This game is the same as the previous one except that it aborts if if \(\pi \) is accepted but \(\delta ' \ne k_{\delta ',\delta } \delta \).

G4::

This game is the same as the previous one, except that an abort occurs if \(\pi \) is accepted but to compute \(\pi \) the adversary uses any of the answers of the simulation oracle.

From G3 on, it is clear that the reduction can extract \(\zeta =DLOG_{\delta }\ \delta '\) from the adversary, from which it can transform the adversary’s output to a proof for \(\textsf{Groth16}\) as \([A]_1, [B]_2, [C(\zeta +m)]_1\). Additionally, since in G4 the adversary does not use any of the answers to the simulation oracle, soundness in that game is implied by the knowledge soundness of \(\textsf{Groth16}\).

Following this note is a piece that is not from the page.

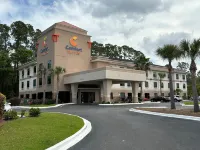 Comfort Suites Kings Bay Naval Base Area Hotels near Kingsland Visitors Services & Welcome Center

We now proceed to bound the difference in the advantage in these games of any algebraic adversary \(\mathscr {A}\). Clearly, \(|\Pr [\text {G0}(\mathscr {A})=1]-Pr[\text {G1}(\mathscr {A})=1]|=|\Pr [\text {G1}(\mathscr {A})=1]-Pr[\text {G2}(\mathscr {A})=1]|=1/p\) since the output of the random oracle is a uniform value chosen independently of the constants extracted, and the adversary can only be lucky in guessing this value with probability 1/p.

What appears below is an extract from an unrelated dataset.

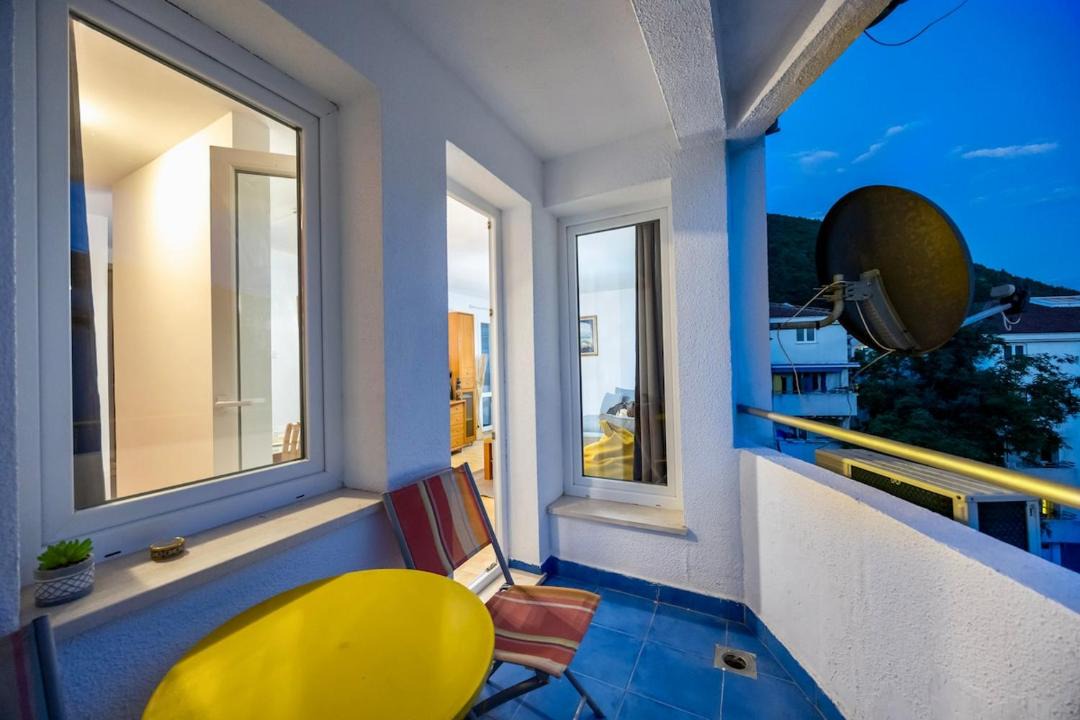 Photo of Patio Balcony in Lazi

Next we prove the following lemma:

Lemma 1

For all PPT algebraic adversaries \(\mathscr {A}\) there exists an adversary \(\mathscr {B}\) against the \((v+2,1)\)-DLOG Assumption such that

$$\begin{aligned} Pr[\text {G2}(\mathscr {A})=1] \le Pr[\text {G3}(\mathscr {A})=1]+ \textsf{Adv}_{\mathscr {B}}(\lambda )+ \textsf{negl}(\lambda )\end{aligned}$$

Proof

Both games are identical except if adversary \(\mathscr {A}\) outputs \(\delta '\ne k_{\delta ',\delta } \delta \). We show that in this case there exists another adversary \(\mathscr {B}\) that breaks the \((v+2,1)\)-DLOG Assumption.

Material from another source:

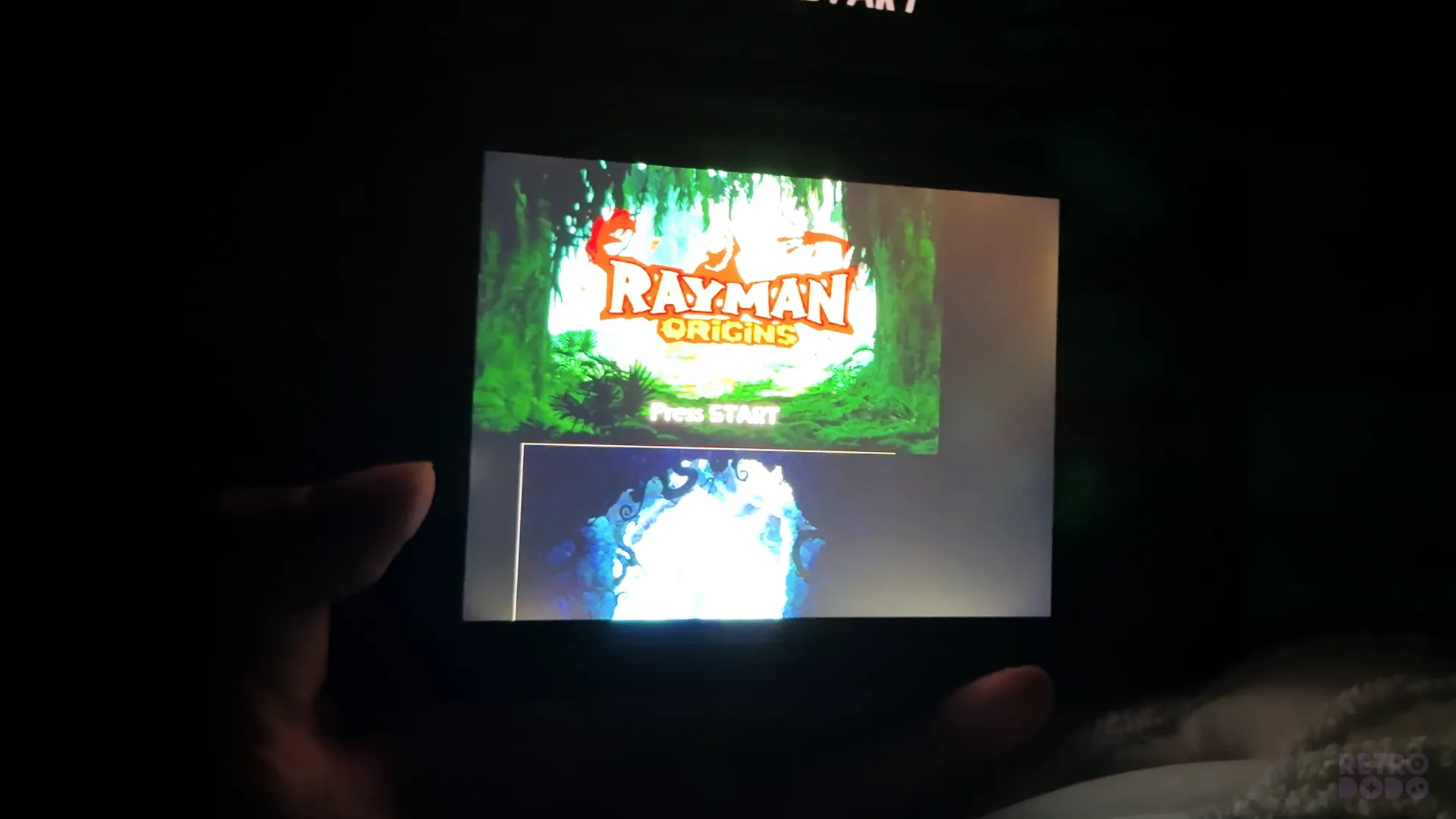 AYANEO Pocket DS Light Bleed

Given some group key \(\textsf{gk}'=(p,\mathbb {G}_1,\mathbb {G}_2,\mathbb {G}_T,e,\mathscr {P}'_1, \mathscr {P}_2) \leftarrow \textsf{BGgen}(1^{\lambda })\), adversary \(\mathscr {B}\) receives \( \left\{ z^i \mathscr {P}_1'\right\} _{i=0}^{v+2},\left\{ z^i\mathscr {P}_2\right\} _{i=0}^{1}\). It then chooses \(m_1,\ldots ,m_v\) random values in \(\mathbb {Z}_p\). It will store these values and give them as a reply to the hash queries related to the simulation queries of \(\mathscr {A}\). Next, for \(j=1,\ldots ,v\), it defines

$$\begin{aligned} \delta _j= d_j z+f_j, \ \ f_j,d_j \leftarrow \mathbb {Z}_p \ \ \text {and} \ \ \delta =dz+f,\ \ f,d \leftarrow \mathbb {Z}_p. \end{aligned}$$

It programs the public parameters to compute \(\delta \) and \(\delta _j+m_j \delta \) roots for any j, that is, it defines the new group key included in the public parameters to be \(\textsf{gk}=(p,\mathbb {G}_1,\mathbb {G}_2,\mathbb {G}_T,e,\mathscr {P}_1= \delta \prod _{j=1}^v (\delta _j+m_j\delta )\mathscr {P}'_1,\mathscr {P}_2)\). This can be computed from the input of \(\mathscr {B}\) since

$$\begin{aligned} \delta \prod _{j=1}^v (\delta _j+m_j\delta ){} & {} =(dz+f) \prod _{j=1}^v\\{} & {} \qquad \times ((d_j+m_jd)z+(f_j+m_j f)) \end{aligned}$$

is a polynomial of degree \((v+1)\) in the indeterminate z.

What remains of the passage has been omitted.